When it comes to magazine readership, some titles have pass on rates in the teens, meaning that one copy of, for example, Woman’s Day, is read by multiple people. The ‘reading-it-in-the-waiting-room’ factor is often talked about as a major reason for that, and even if they’re reading an older issue, which they often are, it still counts. But why are waiting rooms filled with crappy old magazines? Thankfully, a team of Auckland researchers have discovered the reason: thieving patients.
Professor Bruce Arroll, PHD candidate Stowe Alrutz and statistician Simon Moyes decided to look into the serious matter of “patient complaints about the oldness of most magazines in practice waiting rooms” and published the results in the light-hearted Christmas special of BMJ, a weekly peer-reviewed medical journal that was previously known as the British Medical Journal (past research has included whether James Bond’s drinks were shaken because of an alcohol-related tremor, why Rudolph’s nose was red and many others).
To do this it took 87 magazines (this number was based on “how many magazines the investigators could rustle up from family and friends”), stacked them into three mixed piles, gave them a number, placed them in the waiting room of Arroll’s South Auckland practice and monitored them.
The titles included: “… non-gossipy magazines (Time, The Economist, Australian Women’s Weekly, National Geographic, BBC History) and gossipy ones (not identified for fear of litigation). Gossipy was defined as having five or more photographs of celebrities on the front cover and most gossipy as having up to 10 such images.”

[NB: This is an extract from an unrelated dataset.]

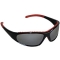 Bouton 250-60-0628 FlashFire Safety Glasses - Black Frame - Silver Mirror Anti-Fog Lens
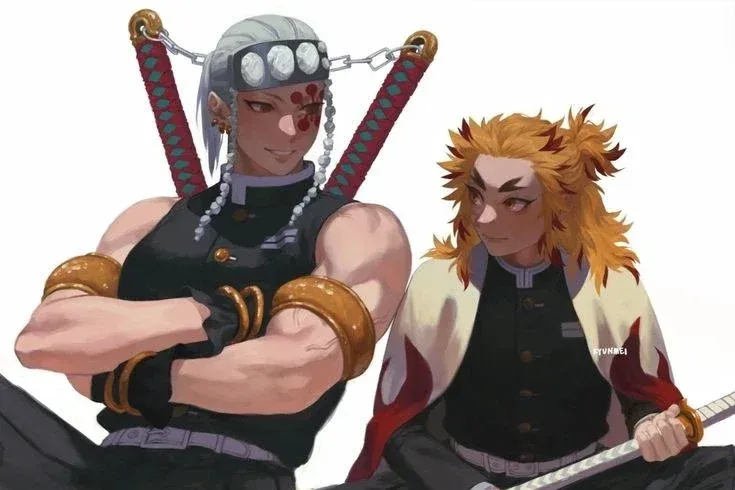 Avatar of Tengen uzui and Kyojuro Rengoku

It made sure the magazines weren’t taken by staff by threatening them with the death penalty.
“This warning was given to ensure that everybody understood the serious nature of the study. If the death penalty had been invoked we would have sought retrospective approval by an ethics committee (and New Zealand judicial advice).”

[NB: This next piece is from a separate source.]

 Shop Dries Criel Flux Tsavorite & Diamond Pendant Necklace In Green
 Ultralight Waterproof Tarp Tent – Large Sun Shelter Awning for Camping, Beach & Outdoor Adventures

The results were enlightening.
47 of the 82 magazines with a visible date on the front cover were aged less than 2 months. 28 of these 47 (60 %) magazines and 10 of the 35 (29%) older magazines disappeared (P=0.002). After 31 days, 41 of the 87 (47%, 95% confidence interval 37% to 58%) magazines had disappeared. None of the 19 non-gossipy magazines (the Economist and Time magazine) had disappeared compared with 26 of the 27 (96%) gossipy magazines (P<0.001). All 15 of the most gossipy magazines and all 19 of the non-gossipy magazines had disappeared by 31 days.
As the researchers concluded: “General practice waiting rooms contain mainly old magazines. This phenomenon relates to the disappearance of the magazines rather than to the supply of old ones. Gossipy magazines were more likely to disappear than non-gossipy ones. On the grounds of cost we advise practices to supply old copies of non-gossipy magazines.”

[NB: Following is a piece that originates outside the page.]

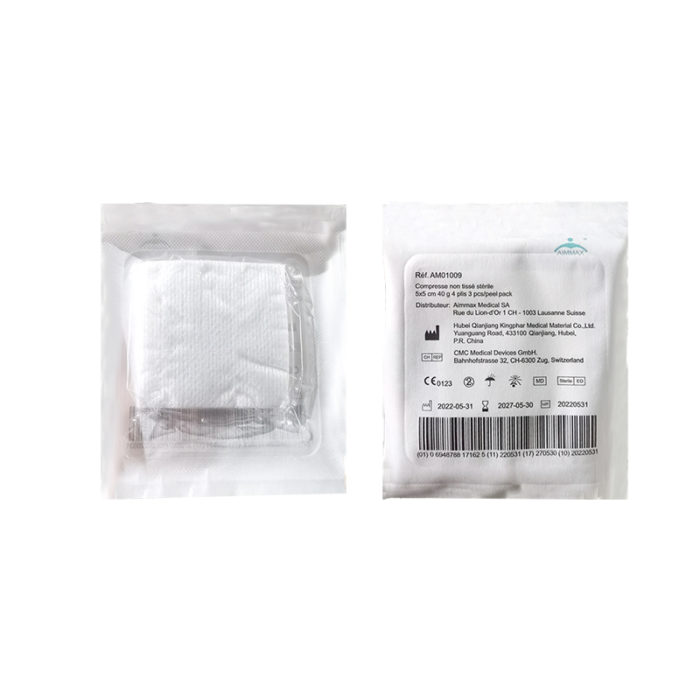 Compresses Non Tissée Stérile  40g/m2 – Carton – Image 2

And we advise some form of public shaming for those caught stealing magazines, a la Larry David.
At a time when the numbers around magazines aren’t always too positive, the fact that people are willing to steal them will no doubt be seen as an endorsement of the enduring appeal of this media. And it could equally be seen as proof that, as George Gallup showed way back in 1928, readers claim they want hard news but actually love the fluffy stuff.
As he discovered:
- People are liars. “The person who believes he has read all of the front page may not have read a fourth of it,” he wrote.
- Nobody likes serious news nearly as much as they report on questionnaires. Gallup’s interviews reported that front-page stories were actually no more popular than small features in the back of the paper.
- The most-read thing in the newspaper wasn’t news at all: It was the front-page cartoon by J. H. Darling, read by 90 percent of men compared with just 12 percent reading the day’s local government news.
- For women, the most-read parts of the newspaper were “style and beauty pictures.”
How little we have changed.
Now we wait patiently for next year’s study on the levels of bacteria on newspapers in the staff room.